Trading restrictions, lockdowns and growing uncertainties about the future are taking their toll on the Shropshire economy, a new survey reveals.
Shropshire Chamber of Commerce has today published the results of its latest Quarterly Economic Survey, covering the final three months of last year.
It shows that although the overall economy saw a slight improvement on the previous quarter, Shropshire companies remain hugely concerned over cashflow – and increasingly worried about future tax rises.
Richard Sheehan, Shropshire Chamber of Commerce’s chief executive, said: “It is simply impossible to predict the future at this time, but during this survey the news of an extension of furlough to March, and a vaccine, clearly lifted spirits.
“However, this was tempered by the second lockdown, further redundancies and a rise in Covid cases across the county.”
The survey showed a recovery in both domestic and export sales across Shropshire in the fourth quarter of 2020, but the number of companies expecting UK sales to fall still exceeds those predicting a rise.
More than 60% of companies expect staffing levels to remain the same over the coming months, compared with around 15% which are warning of imminent redundancies.

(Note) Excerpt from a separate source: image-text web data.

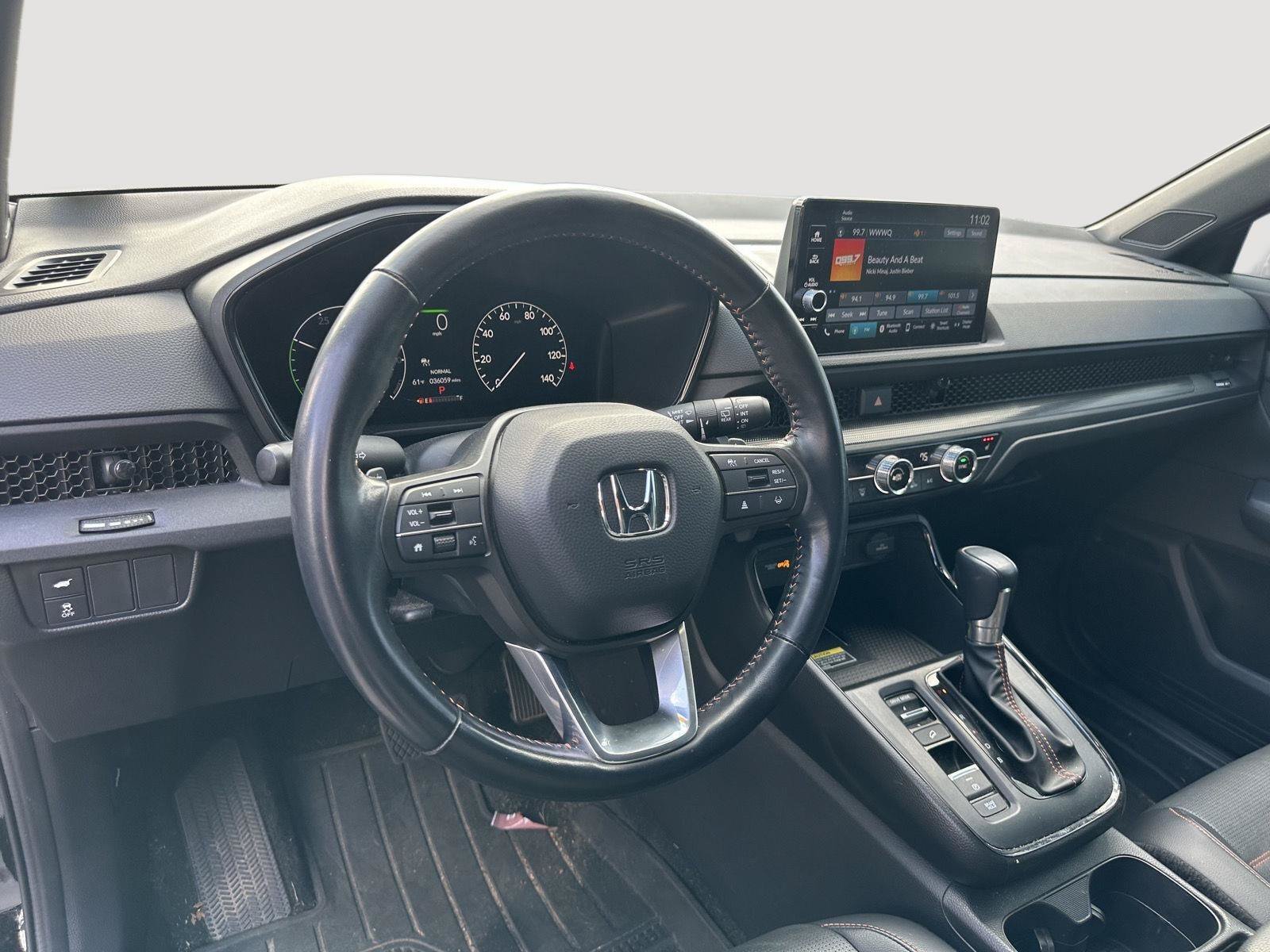 Used 2025 Honda CR-V Sport-L image 10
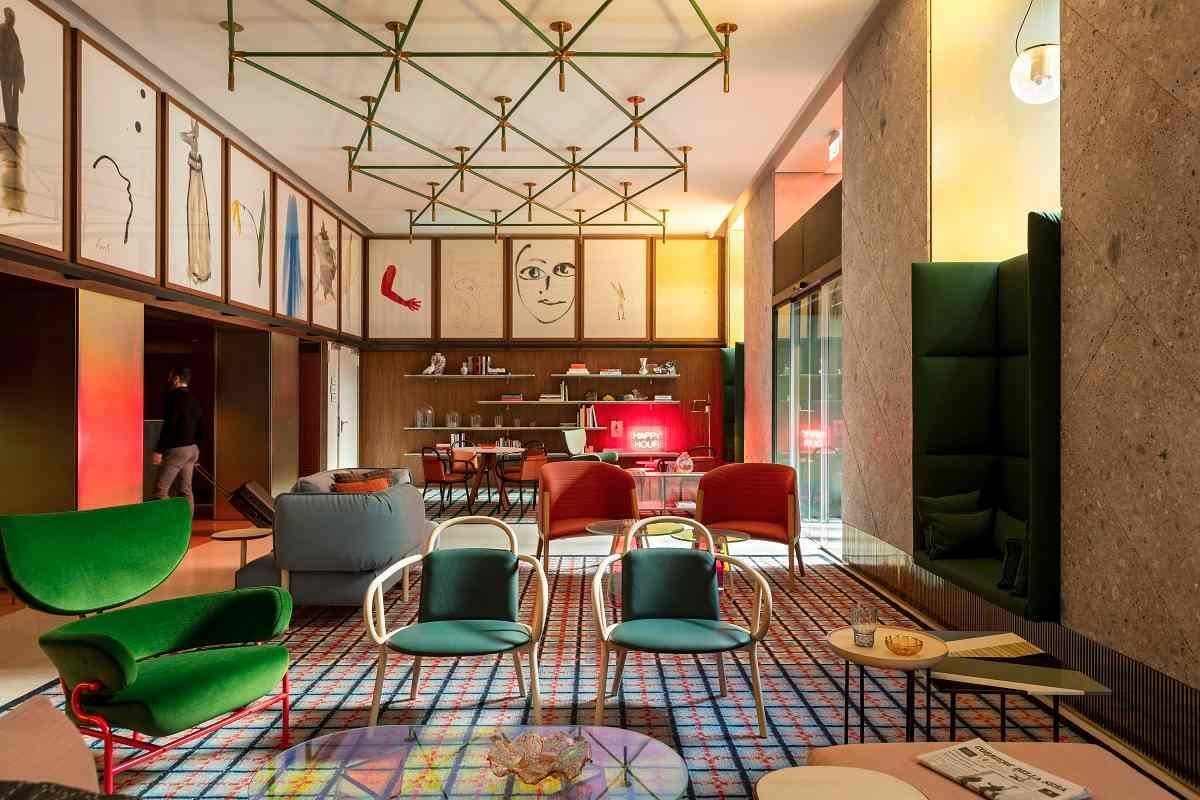 Room Mate Giulia公共空間的藝術陳設,與大理石切割後貼附的牆面 Room Mate Giulia公共空間的藝術陳設,與大理石切割後貼附的牆面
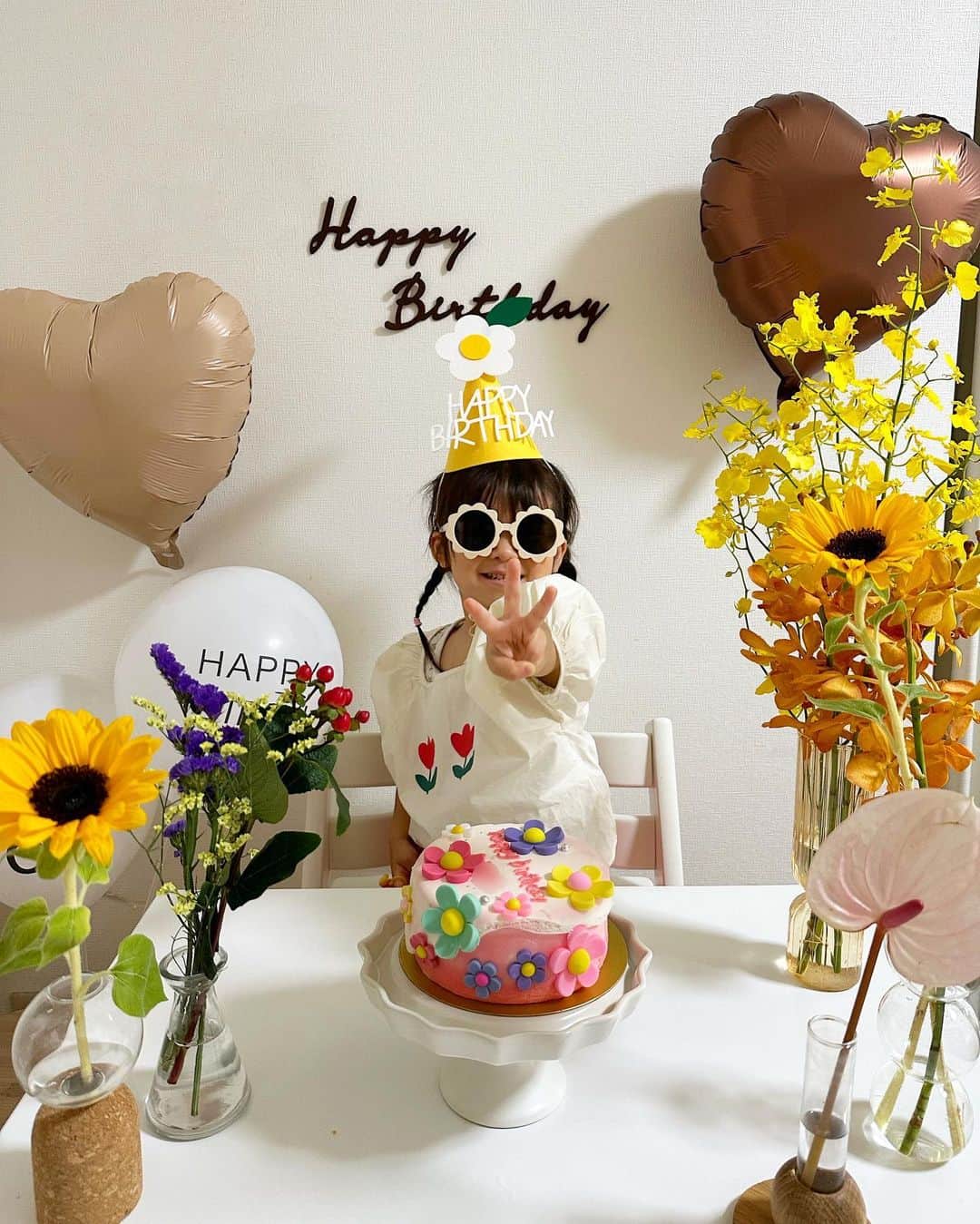marikoのインスタグラム：「＊ . 🌻happy birthday🌻  大きな病気や怪我をすることなく無事3歳に🥺！ 変な顔いっぱいするしちょけてるけど、細かいことにすぐ気付く心優しい子になってくれました🥲❤️ 最近は普通に会話できるしどんどん関西弁に😂「〜やわ！」とか言う笑  下の子産まれて我慢させることたくさんやのに、赤ちゃん返りもせず弟くんloveでいてくれてありがとうね🥲♡  これからもずっとママの宝物です💍♡  いちごのケーキがいい言うたのにクリーム嫌らしいから来年からはアイスケーキにします🍰笑(中にいちご入ってるケーキにした) . ＊ #3歳誕生日#令和2年生まれ#女の子ママ#3歳差育児#子供のいる暮らし#子供のいる生活#happybirthday#誕生日#おうちフォト」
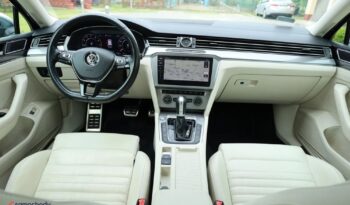 VOLKSWAGEN Passat  | 4×4 (doł. ręcznie) | Automatyczna | 220 KM | Szary full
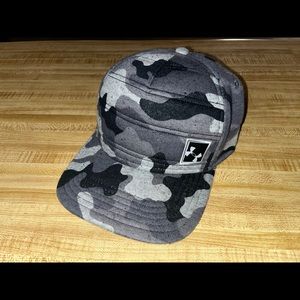 Under Armor camo quilted SnapBack hat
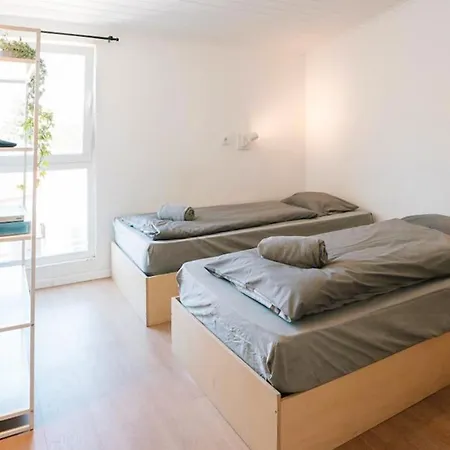 Surfbase Lisbon ホステル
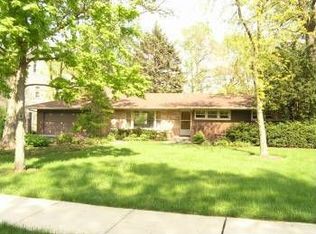 807 Lenox Rd, Glen Ellyn, IL 60137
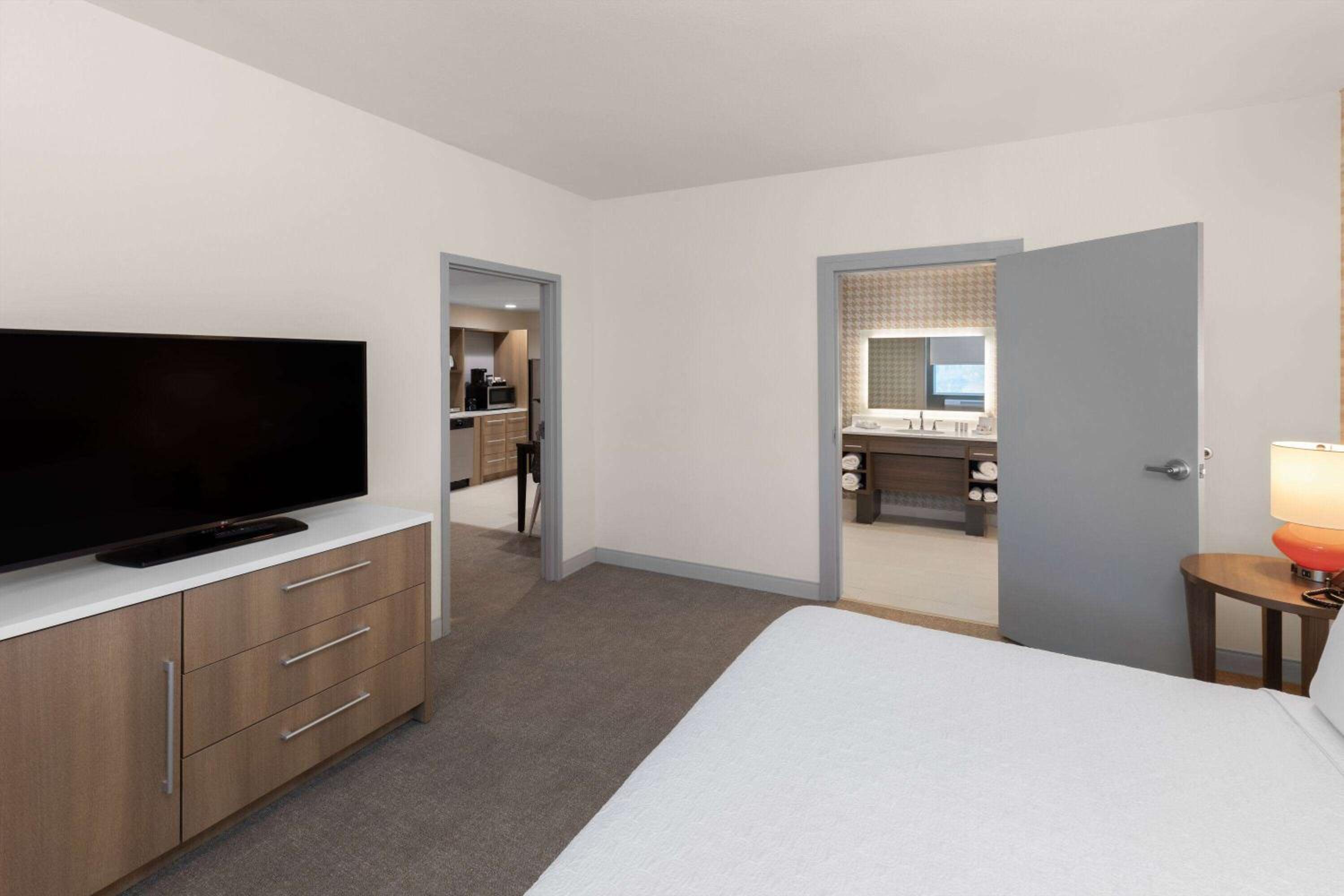 One-Bedroom King Suite photo 2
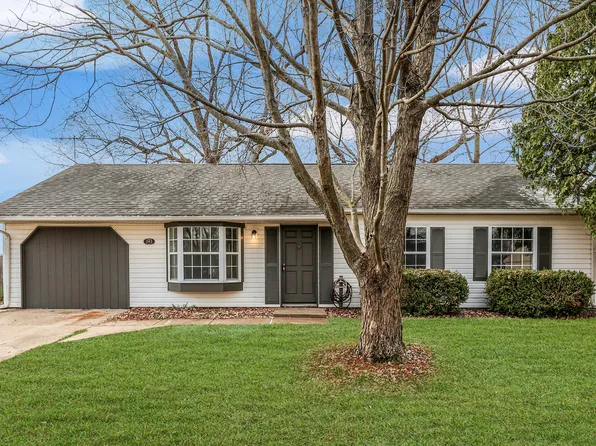 282 N Wagon Rd, Bargersville, IN 46106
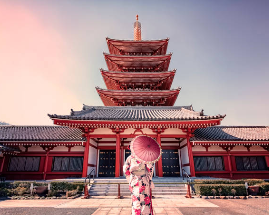 도쿄의 성 앞에 기모노를 입은 나의 모습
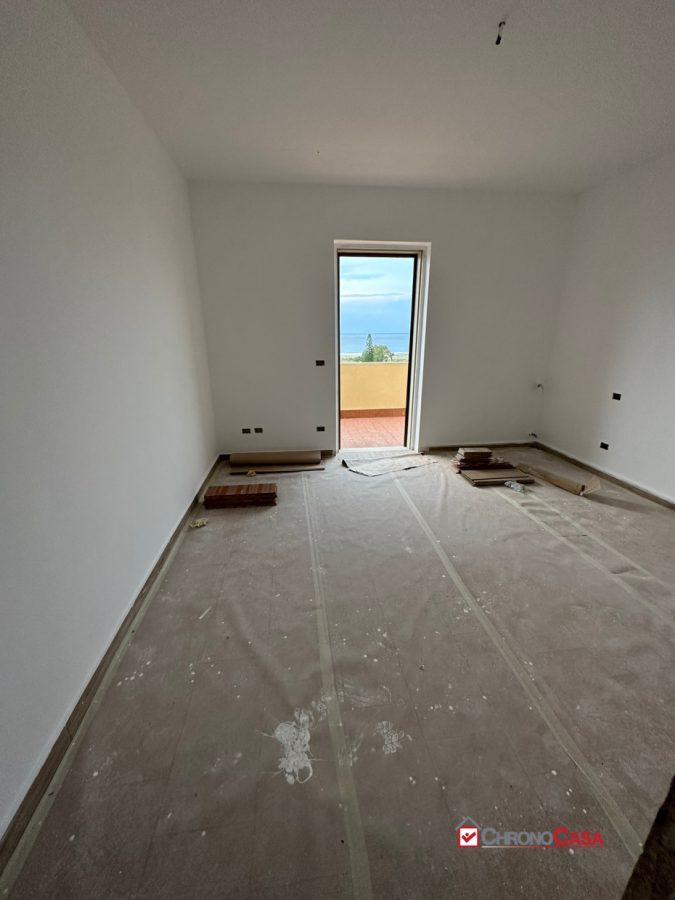 Immagine 4 di Villa in vendita  a Messina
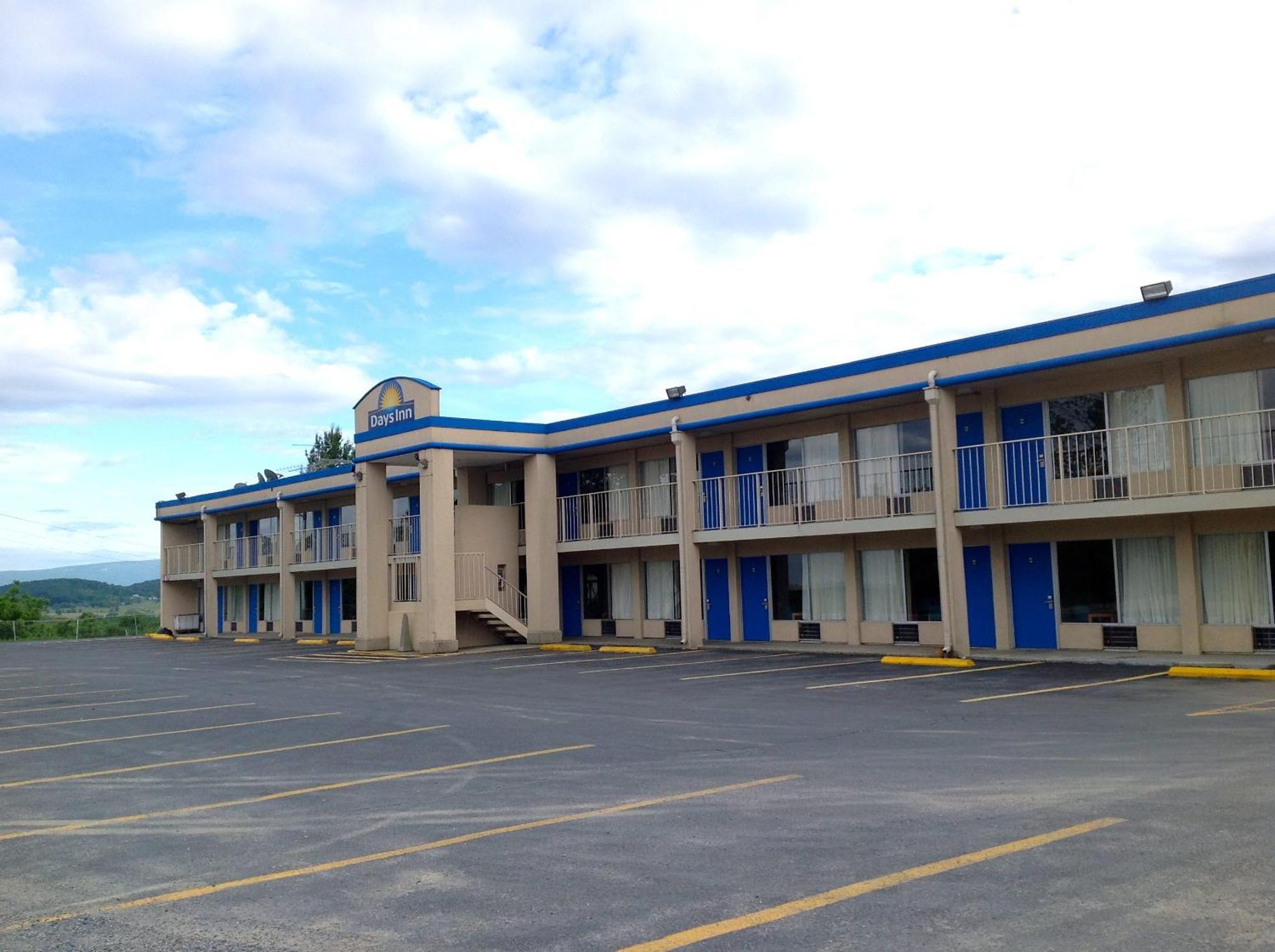 Days Inn By Wyndham Staunton Exterior foto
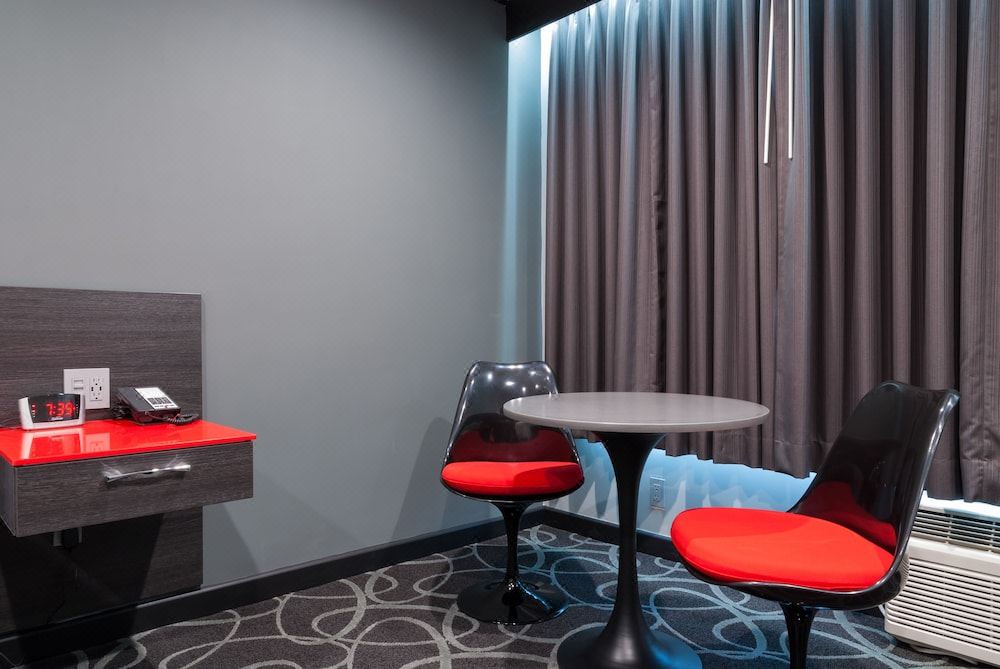 Photo of Livingroom in Lamanda Park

Skills shortages remain a big issue in Shropshire, and the survey asked companies to identify barriers which stop people coming to work in the county.
Among the most cited issues were low average wages, bigger organisations giving work to overseas staff instead of hiring locally, and the county’s proximity to rival cities such as Birmingham and Manchester.
Bad debts have not risen, but the survey showed an increase in the number of companies being asked to renegotiate terms with suppliers – particularly the larger ones.
Investment plans for plant and machinery have stalled, but there has been an increase in those investing in training.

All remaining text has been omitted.